It has taken me a few days to collect my initial thoughts after such an odyssey. The entire trip will probably take weeks to fully process. Among the high points for me were the civil exchanges among the various archaeologists and Native American participants, with Lyle wearing both hats. Sometimes, perspectives and interpretations diverged greatly, but I was pleasantly surprised by the degree of potential overlap.
As our intrepid driver, Kent, skillfully maneuvered the back roads in our “Magic Mystery Tour”-era coach, I had time to reflect on the names that archaeologists and early European settlers have bestowed upon archaeological sites, places that various Native groups consider to be their ancestral footprints. Site names like Buena Vista, Ninemile, Spear Ranch, and Reeve Ruin seem relatively benign, at least at face value. But what did Lyle, Bernard, and Tony think of names like “Goat Hill,” or “Tonto,” which means “foolish” in Spanish, and is presumably based on the term the Chiricahua Apaches used to describe the Apache bands who once roamed central Arizona? Or what about Besh-Ba-Gowah—“Metal Camp” in Apache—for the early mining settlement of Globe?

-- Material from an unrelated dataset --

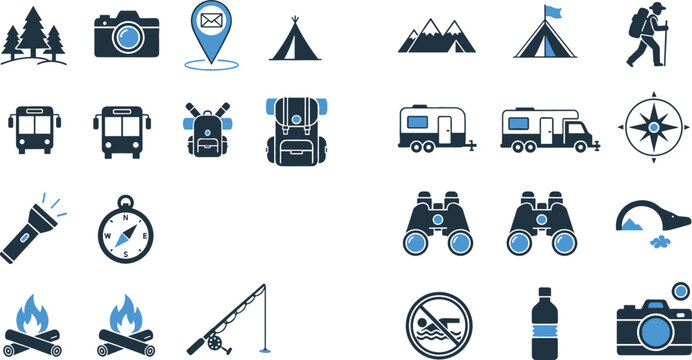 Outdoor adventure and camping icon set with travel gear hiking equipment navigation tools and survival elements minimalist flat vector illustration collection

These strange and sometimes derogatory labels in foreign or even “enemy” languages are commonly used in the archaeological literature instead of the Pueblo and O’odham names. As an anthropologist, I often try to understand others by finding analogies that resonate with my own heritage. In this light, I wonder what I would think if, in some (I hope very) distant or alternative future, the ruins of New York City (“Manhattan” itself deriving from a Native place name) were called Город дураков (roughly Gorod Durakov), or “City of Fools” in Russian. Would I be insulted, or see the irony and smile? I would like to think the latter, but I am not so sure.